Stojący na Saskiej Kępie pomiędzy rozjazdami Trasy Łazienkowskiej, pomnik generała ludowego Wojska Polskiego zrzuciła z cokołu grupa osób. Zdjęcia ze zdarzenia zamieścił na swoich stronach w serwisach społecznościowych były poseł i przewodniczący Konfederacji Polskiej Niepodległej - Niezłomni, Adam Słomka.
Widać na nich też samego Słomkę, który stoi wśród kilku osób obok obalonego pomnika.
Słomka poinformował też na Facebooku, że został zatrzymany przez policję, która prowadzi już czynności wyjaśniające.

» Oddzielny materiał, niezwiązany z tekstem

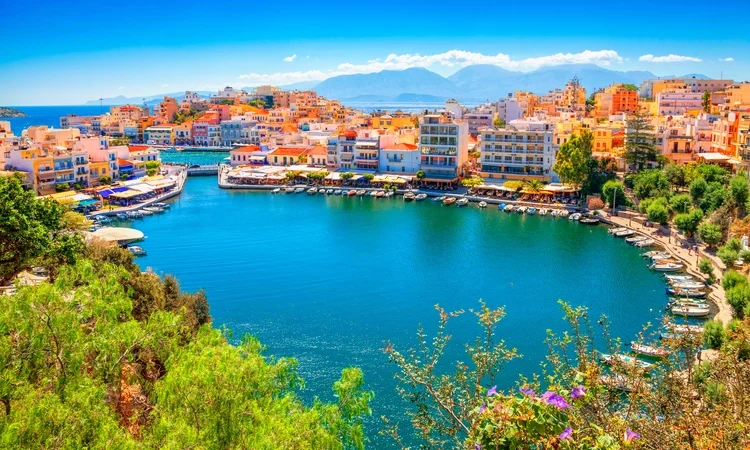 Aerial view of Agios Nikolaos, Crete, Greece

Pomnik Berlinga i tak miał zostać usunięty
Pod koniec maja tego roku wojewoda mazowiecki zdecydował, że pomnik gen. Berlinga ma zostać usunięty. Dzielnica Praga-Południe miała zdemontować obelisk dokona do końca roku - miał on zostać przewieziony do magazynu Muzeum Historii Polski. Decyzja o jego usunięciu zapadła na podstawie ustawy dekomunizacyjnej, jednak wtedy nie było na to pieniędzy - informowała wtedy "Gazeta Wyborcza" w Warszawie. Demontaż miał kosztować 50 tys. zł. Pomnik w obecnym miejscu stanął w 1985 r.
Generał Zygmunt Berling był żołnierzem Legionów Polskich, generałem broni Wojska Polskiego, należał do PZPR, współpracował też z radzieckimi służbami specjalnymi NKWD. Warto też jednak zauważyć, że pomnik stoi w miejscu, z którego, jak pisze "Wyborcza", w sierpniu 1944 r. wysłał desant przez Wisłę na Czerniaków na pomoc Powstaniu Warszawskiemu.
Pomnik generała był w ostatnich latach wielokrotnie dewastowany.